BEGIN Source data
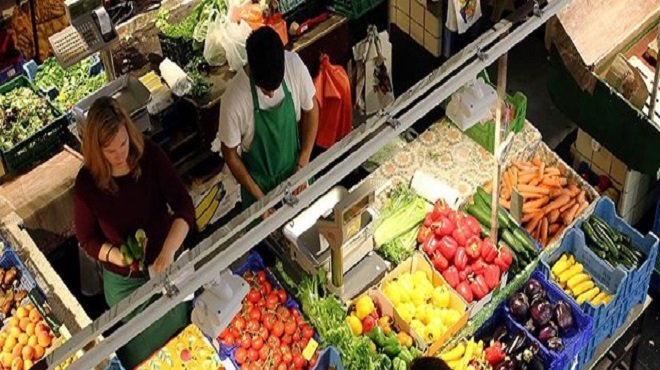 Ekonomistler enflasyon verisini yorumladı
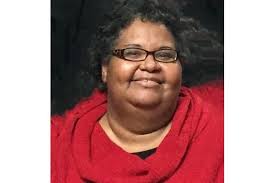 Rita Webster Obituary (1963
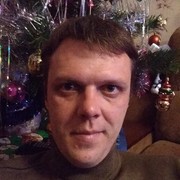 ���������� �����, ���� ������� ��������, 47 ���, ������������ ��� ������, ����� � ���������, c�������� ���������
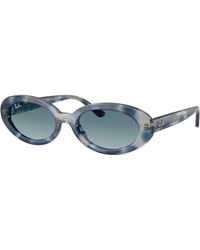 Ray-Ban - Ray - Lyst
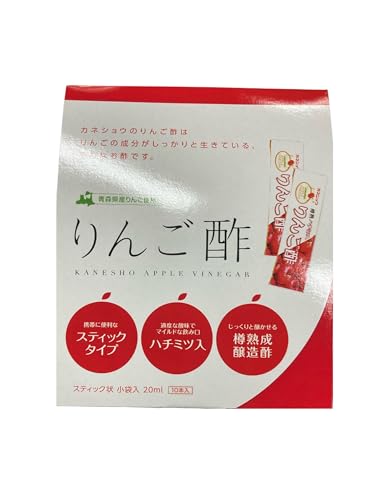 񂲐| XeBbN^Cv 20ml×10{ XY񂲎gp n`~c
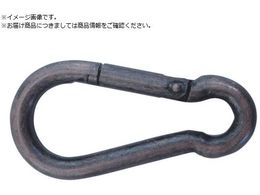 DAIDOHANT �X�v�����O�t�b�N ���u�����Y [5mm] 10104011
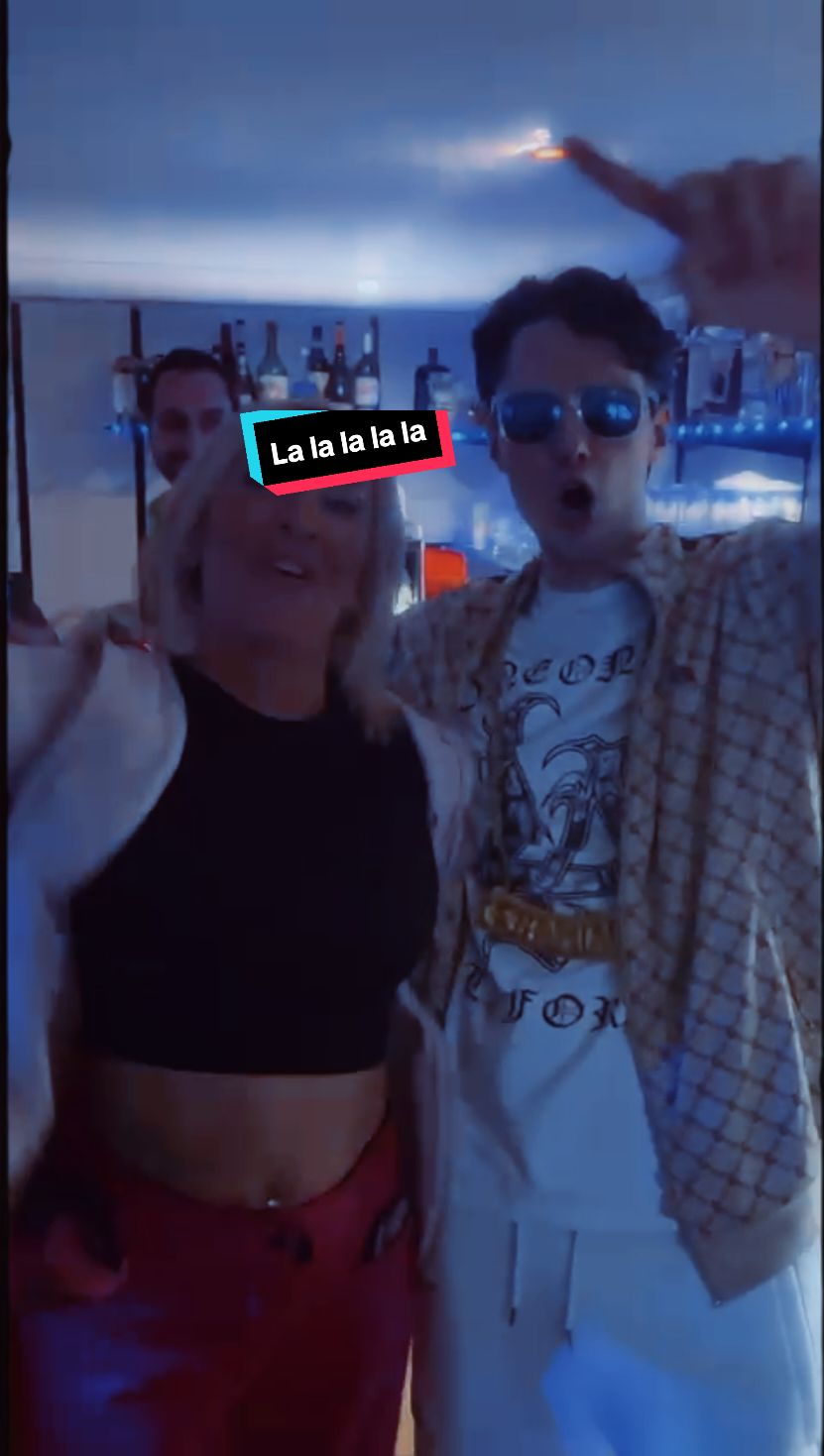 @schmittyextreme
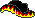 4-29_Prop020.gif (246 bytes)
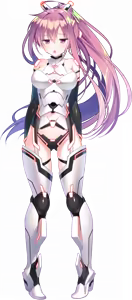 Page 49 of Sorceress＊Alive! ~the World's End Fallen Star~ - preview thumbnail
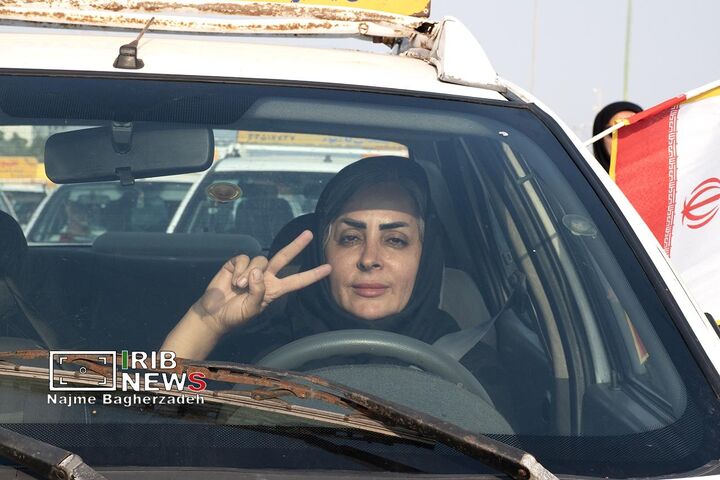 خلیج فارس0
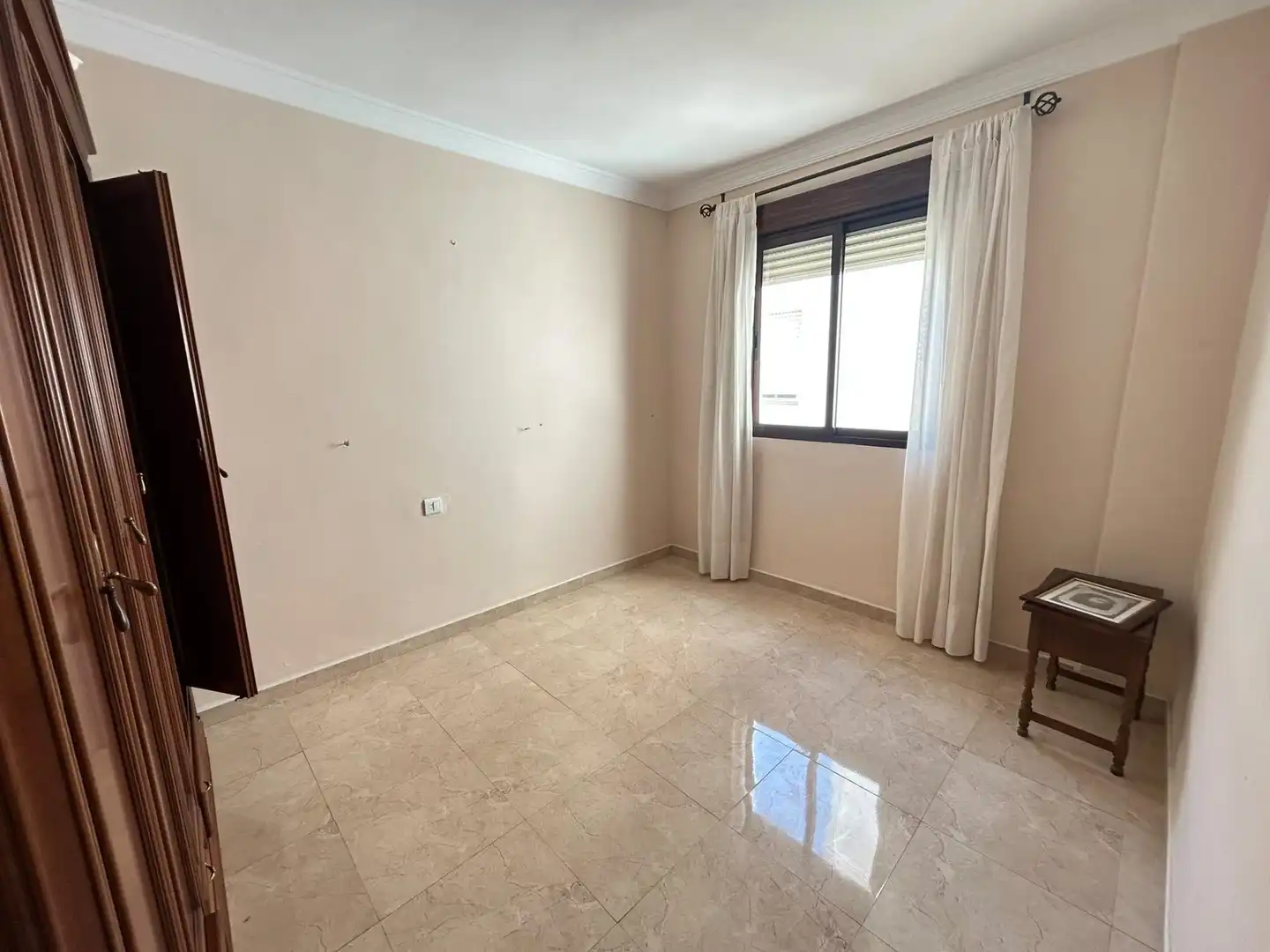 Appartement avec terrasse à vendre à Centro, imagen 16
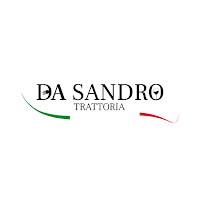 Da Sandro Issum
END Source data
**What you will do:** Each line above must be repeated exactly in the answer, with pictures omitted.

**Answer below:**
 Ekonomistler enflasyon verisini yorumladı
 Rita Webster Obituary (1963
 ���������� �����, ���� ������� ��������, 47 ���, ������������ ��� ������, ����� � ���������, c�������� ���������
 Ray-Ban - Ray - Lyst
 񂲐| XeBbN^Cv 20ml×10{ XY񂲎gp n`~c
 DAIDOHANT �X�v�����O�t�b�N ���u�����Y [5mm] 10104011
 @schmittyextreme
 4-29_Prop020.gif (246 bytes)
 Page 49 of Sorceress＊Alive! ~the World's End Fallen Star~ - preview thumbnail
 خلیج فارس0
 Appartement avec terrasse à vendre à Centro, imagen 16
 Da Sandro Issum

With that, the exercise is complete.